La vieillesse commence lorsque les regrets l’emportent sur les rêves.

Publicitaire n’est donc pas un métier en voie de perdition ?

Pas du tout ! Même s’il y aura un écrêtement qui servira les petites agences créatives de talent et les grands groupes qui prendront la bonne direction. Comme toujours, ce seront les agences moyennes qui souffriront.

Quel est aujourd’hui, selon vous, le plus grand défi des agences de pub ?

La créativité ! C’est aussi l’ouverture permanente à la nouveauté. Il ne faut pas laisser le monopole de la modernité aux Gafa. Le défi, c’est de continuer à être le seul métier du monde qui veut un monde meilleur. C’est aussi travailler ensemble pour cultiver l’esprit de famille.

Donc la pub ne doit pas fondamentalement se réinventer ?

Non. Il faut qu’elle cultive ses valeurs de racines, mais qu’elle les plonge dans le futur. Mon concept, cela a toujours été les racines du futur. On me dit parfois que je suis passéiste, mais je ne le suis pas. Je n’ai de nostalgie que du futur. Le futur doit se nourrir des racines, sinon nous perdons notre raison d’être.

Pensez-vous que l’on se dirige malgré tout vers un monde hyper-connecté avec des publicités ultra-ciblées dans les magasins, comme dans le film ” Minority Report ” de Steven Spielberg, censé se passer en 2053 ?

Ce n’est pas de la science-fiction. Cela se fera sans doute, mais toujours avec la magie du créatif que n’a pas la machine. Je pense que cela va améliorer le rapport à la consommation, mais cela va détruire la grande distribution qui, aujourd’hui, est déjà à genoux. Je ne crois plus aux hypermarchés tels qu’on les voit actuellement. Ils vont être obligés de devenir des centres commerciaux à l’américaine, des malls festifs où il se passera autre chose que la consommation, où il y a aura du service, avec une livraison gratuite qui s’effectuera peut-être même avant que vous reveniez chez vous. C’est pourquoi les acteurs de la grande distribution sont obligés de se lancer aujourd’hui dans une réforme terrible. Jusqu’à présent, leur seule valeur était le prix. Ils se sont trompé de combat. Comme toujours, ce n’est pas le prix qui compte, c’est le coeur. Ils doivent rendre la vie meilleure.

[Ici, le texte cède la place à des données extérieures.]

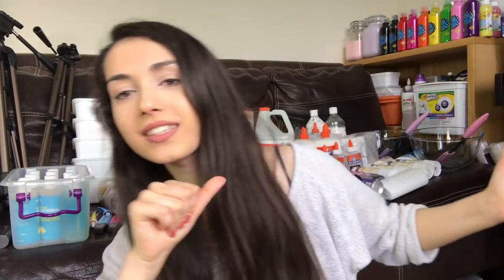Hi guys! Today's video is going to be my slime room tour and as you can see I have so many supplies behind me. So I just thought this would be the best time to film this video and yeah, I really hope that you enjoy it.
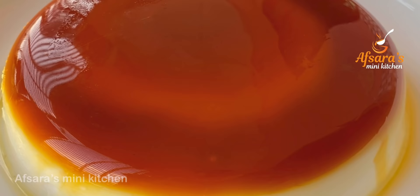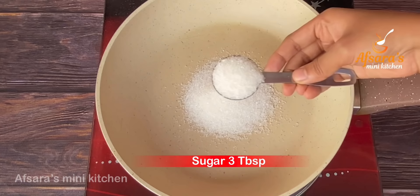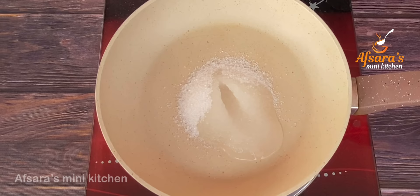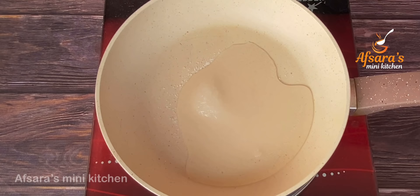First, I will prepare the caramel. I will add 3 tablespoons of sugar, 2 tablespoons of water, and then add the caramel to the dish. Make the caramel carefully — it should not be burnt.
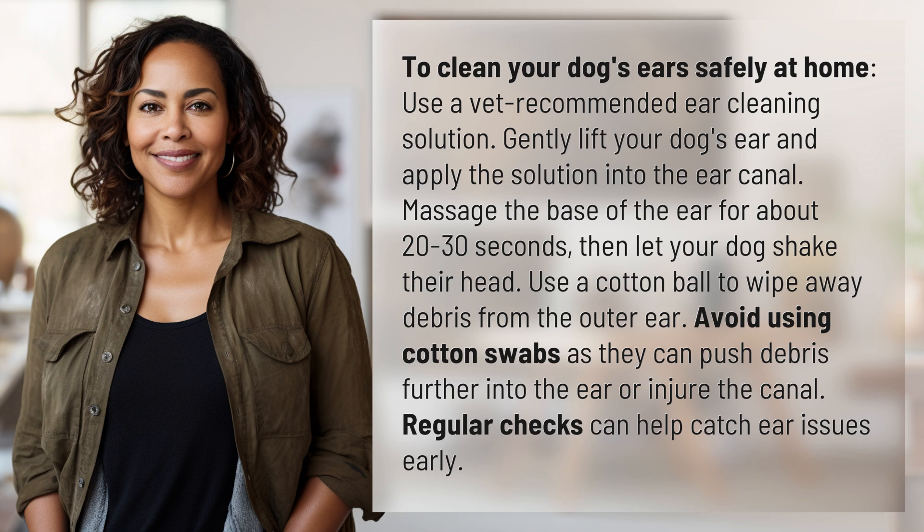then let your dog shake their head. Use a cotton ball to wipe away debris from the outer ear. Avoid using cotton swabs, as they can push debris further into the ear or injure the canal. Regular checks can help catch ear issues early.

D’autant plus que les Gafa sont également présents sur ce terrain-là : Amazon a ouvert son premier supermarché sans caissière cette année et il compte ouvrir 3.000 magasins de ce genre d’ici 2021…

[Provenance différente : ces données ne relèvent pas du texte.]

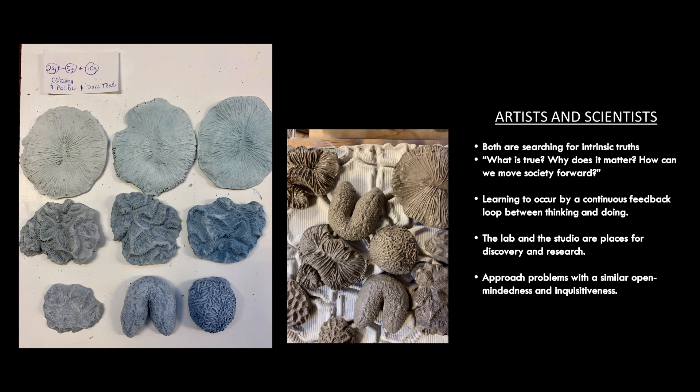When I give presentations to scientists — especially with my colleague Dr. Nissa Silviger — I like to parallel how art and science are alike. Both artists and scientists are searching for intrinsic truths: why is it true, what is it true, why does it matter, how can we move society forward? There's a learning experience that occurs by thinking and doing. An art studio and a scientist's lab are very similar places for discovery and research. Both artists and scientists typically approach problems with similar open-mindedness, wanting to know why and figure out why.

C’était très exactement le 22 janvier. C’est une date historique qui sonne comme une date de mort parce que cela signifie, à terme, la fin de millions de caissières dans le monde. Alors moi, ce que je dis à Amazon, c’est ceci : que faites vous de vos milliards amassés ? Réagissez et apprenez aux caissières le métier de demain ! Offrez-leur un bagage qui leur permettra de trouver un nouveau boulot. Avec l’argent que vous avez, tout est possible !

Jacques Séguéla,
Jacques Séguéla, ” Le Diable s’habille en Gafa “, éditions Coup de Gueule, 214 pages.

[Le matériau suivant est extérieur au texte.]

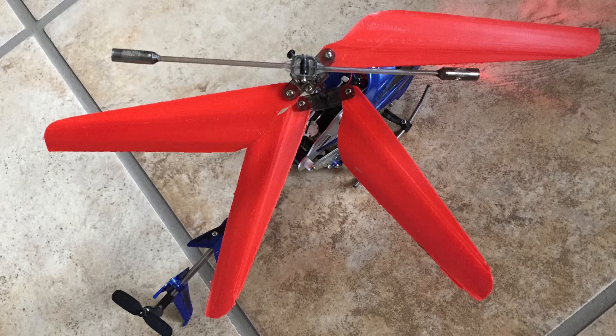So after that crash test, the helicopter was still alive and the wings were still alive. So here's an even bigger crash test.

Quel a été le plus grand souvenir de votre carrière jusqu’ici ? Etait-ce dans le monde de la publicité commerciale ou dans la communication politique ?

Au risque de radoter, c’est évidemment François Mitterrand. Et pas seulement La Force tranquille en 1981 parce que, pour moi, la plus belle campagne est celle de 1988 : Génération Mitterrand. L’histoire est incroyable. Mitterrand m’appelle en juillet 1987 et me dit : ” Séguéla, je ne vais pas me présenter aux prochaines présidentielles. Ce sera Michel Rocard, vous allez faire quelque chose pour lui, mais j’ai besoin que la campagne puisse aussi me servir car on ne sait jamais ce qui peut arriver “. Je lui réponds : ” Monsieur le Président, c’est impossible : on ne peut pas vendre à la fois un yaourt et une voiture, il faut choisir ! ” Et il conclut : ” Séguéla, vous avez des idées, allez-y et revenez me voir “. Et là, je comprends sa stratégie. C’est la stratégie du désir. Il est vieux. Or comment se rendre désirable si ce n’est en disant que l’on va s’en aller ? On retient toujours quelqu’un qui veut partir. C’est malin comme tout ! C’est comme ça que j’ai eu l’idée du slogan Génération Mitterrand, mais surtout de l’image où l’on voit un bébé serrer la main de…

François Mitterrand !

Non ! Cette main, c’est la mienne. Et le bébé, c’est ma deuxième fille Lola ( rires) ! Mais c’est vrai que l’on a entretenu le doute. Moi, je disais aux journalistes : ” Cette main, c’est celle de Mitterrand, mais c’est peut-être aussi celle de Rocard “. Cela a fait un buzz pas possible ! Rocard a joué le jeu car Mitterrand avait dealé avec lui qu’il serait son Premier ministre. C’est une campagne absolument merveilleuse. Je suis désolé d’en revenir aux Gafa mais, aujourd’hui, qu’est-ce qui fait élire les présidents ? Ce n’est pas la qualité d’une campagne ou d’un programme, ce sont les fake news. Donc peut-être que mon livre n’est pas inutile, ne serait-ce que pour ça.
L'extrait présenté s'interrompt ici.